_Your assignment_
Keyword search on "Bronze": report each line of the records that contains it.

_Input records_
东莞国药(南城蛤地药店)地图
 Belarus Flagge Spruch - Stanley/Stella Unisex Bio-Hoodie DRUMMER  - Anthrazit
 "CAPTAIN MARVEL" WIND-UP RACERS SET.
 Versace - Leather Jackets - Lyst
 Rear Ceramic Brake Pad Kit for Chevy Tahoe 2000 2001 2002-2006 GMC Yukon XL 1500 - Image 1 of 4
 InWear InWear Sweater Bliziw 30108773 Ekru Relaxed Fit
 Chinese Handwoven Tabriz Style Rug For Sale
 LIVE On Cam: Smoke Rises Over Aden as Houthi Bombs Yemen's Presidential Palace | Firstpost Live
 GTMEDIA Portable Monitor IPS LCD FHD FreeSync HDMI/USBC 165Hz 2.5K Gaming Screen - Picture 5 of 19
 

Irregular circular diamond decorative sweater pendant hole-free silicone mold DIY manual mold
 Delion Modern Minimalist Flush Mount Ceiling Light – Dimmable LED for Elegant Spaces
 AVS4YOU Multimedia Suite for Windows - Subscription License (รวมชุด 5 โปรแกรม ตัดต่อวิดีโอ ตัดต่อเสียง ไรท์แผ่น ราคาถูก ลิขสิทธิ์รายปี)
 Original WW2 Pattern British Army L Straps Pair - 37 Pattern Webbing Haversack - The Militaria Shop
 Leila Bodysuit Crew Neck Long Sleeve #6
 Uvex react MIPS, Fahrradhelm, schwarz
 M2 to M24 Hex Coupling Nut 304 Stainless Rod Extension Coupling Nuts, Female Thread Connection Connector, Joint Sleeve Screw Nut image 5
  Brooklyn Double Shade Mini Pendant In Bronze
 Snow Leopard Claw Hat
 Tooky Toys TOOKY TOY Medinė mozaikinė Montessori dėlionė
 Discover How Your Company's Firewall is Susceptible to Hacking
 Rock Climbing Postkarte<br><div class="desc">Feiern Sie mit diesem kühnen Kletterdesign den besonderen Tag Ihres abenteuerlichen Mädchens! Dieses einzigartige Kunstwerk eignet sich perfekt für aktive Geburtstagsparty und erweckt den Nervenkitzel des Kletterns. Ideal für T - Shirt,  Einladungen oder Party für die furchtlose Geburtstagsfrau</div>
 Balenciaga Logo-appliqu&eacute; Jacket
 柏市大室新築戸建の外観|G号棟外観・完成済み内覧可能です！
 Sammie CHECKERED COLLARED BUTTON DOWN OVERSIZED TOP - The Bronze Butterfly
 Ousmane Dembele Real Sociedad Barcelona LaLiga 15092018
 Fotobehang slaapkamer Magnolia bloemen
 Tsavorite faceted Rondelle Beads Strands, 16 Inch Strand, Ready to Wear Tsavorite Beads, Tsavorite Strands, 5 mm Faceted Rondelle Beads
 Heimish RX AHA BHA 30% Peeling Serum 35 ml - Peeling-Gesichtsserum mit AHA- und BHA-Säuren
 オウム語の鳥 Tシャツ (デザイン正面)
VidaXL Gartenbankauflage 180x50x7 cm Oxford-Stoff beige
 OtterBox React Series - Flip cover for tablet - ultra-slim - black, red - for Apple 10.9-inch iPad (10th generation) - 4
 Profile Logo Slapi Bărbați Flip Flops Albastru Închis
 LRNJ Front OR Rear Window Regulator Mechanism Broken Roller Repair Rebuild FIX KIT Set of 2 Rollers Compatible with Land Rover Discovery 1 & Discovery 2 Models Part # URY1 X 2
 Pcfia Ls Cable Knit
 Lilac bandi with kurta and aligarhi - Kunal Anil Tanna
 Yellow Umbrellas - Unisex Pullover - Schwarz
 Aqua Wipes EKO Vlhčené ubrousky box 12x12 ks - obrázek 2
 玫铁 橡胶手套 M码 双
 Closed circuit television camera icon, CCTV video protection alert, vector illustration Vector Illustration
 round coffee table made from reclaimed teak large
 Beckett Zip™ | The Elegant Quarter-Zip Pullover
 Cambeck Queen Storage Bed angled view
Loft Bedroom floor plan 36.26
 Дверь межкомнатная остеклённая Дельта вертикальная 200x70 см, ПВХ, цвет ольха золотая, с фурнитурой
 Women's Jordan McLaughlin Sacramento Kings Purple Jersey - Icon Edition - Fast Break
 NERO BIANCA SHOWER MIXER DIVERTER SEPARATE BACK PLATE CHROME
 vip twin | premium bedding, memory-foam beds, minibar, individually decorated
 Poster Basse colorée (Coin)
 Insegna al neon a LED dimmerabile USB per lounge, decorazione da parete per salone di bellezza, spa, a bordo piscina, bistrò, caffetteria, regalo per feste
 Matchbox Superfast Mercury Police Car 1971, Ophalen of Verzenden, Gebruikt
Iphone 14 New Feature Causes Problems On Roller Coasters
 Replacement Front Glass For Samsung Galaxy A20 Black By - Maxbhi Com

_Problem solution_
  Brooklyn Double Shade Mini Pendant In Bronze
 Sammie CHECKERED COLLARED BUTTON DOWN OVERSIZED TOP - The Bronze Butterfly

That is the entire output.